Esas interacciones son trasladadas a una mesa donde la plática gira en torno a chismes, indirectas, problemas de pareja y un vino biodinámico. Se establece un escenario de amistades frágiles y de hipocresías sólidas. Y en ese contexto, la inocente Blanca (cero casualidades) propone un juego para imprimirle algo de emoción y novedad a la cena: todos pondrán su teléfono celular sobre la mesa y durante el resto de la noche cada mensaje, mail, llamada, foto, etc., que sea recibida será compartida con el grupo sin excepción. Como es de intuirse, las máscaras y los secretos van cayendo lentamente desembocando en una tragedia digna del mejor teatro.

Precisamente De la Iglesia se apoya mucho en un montaje teatral para construir y echar a andar a los personajes. La actuación colectiva es extraordinaria destacando Eduard Fernández y Belén Rueda como la pareja orquestadora del drama.

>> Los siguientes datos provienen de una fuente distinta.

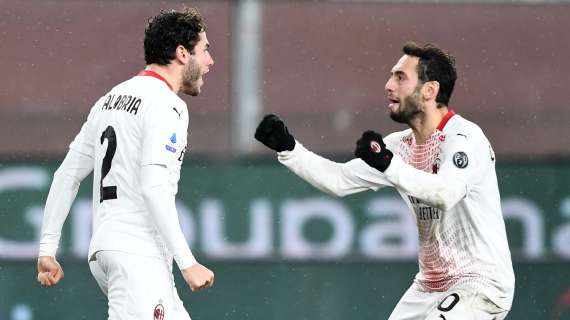 Milan, due o più gol per la quattordicesima gara consecutiva in Serie A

La cámara diligente de Ángel Amorós los rodea y se mueve con ellos o los enfoca individualmente al tiempo que vamos conociendo quiénes son en realidad.

El punto inicial es, claro está, nuestra relación con los teléfonos celulares. ¿Hasta qué grado hemos depositado ahí nuestra vida? ¿Cuánto dependemos de ellos? ¿Y qué tanto son una extensión de nuestro verdadero yo? Creemos asegurar la intimidad pero basta un pasatiempo inofensivo para despertar el nervio de exponerse ante quienes se supone son como una segunda familia.

De la Iglesia convierte esa caja negra de desastres en una caja de Pandora que al abrirse destruye años de amistad y matrimonio y hace que los mejores amigos se conviertan en esos Perfectos Desconocidos que atinadamente propone el título.

Llena de momentos verdaderamente hilarantes, frases mordaces y actuaciones puntuales, la cinta logra convertir ese cuasi único escenario en una especie de Ángel Exterminador (Luis Buñuel, 1962) de este siglo. No es desorbitada la comparación con Buñuel. Mismas burguesías atrapadas; diferentes razones. Más aún: hacia su tercer acto la cinta da un giro igualmente surrealista que si bien no funciona del todo para el tono propuesto y hubiera sido preferible avocarse a la tragedia absoluta, sí ofrece un tono amargo sobre el egoísmo y el orgullo tan propio del hombre antes que optar por la sinceridad. Aceptarnos. La condición humana, pues. Retratada aquí de forma punzante, cercana, y sobre todo con un humor negro que lo mismo provoca risas que impacto. Alex de la Iglesia en su mejor forma.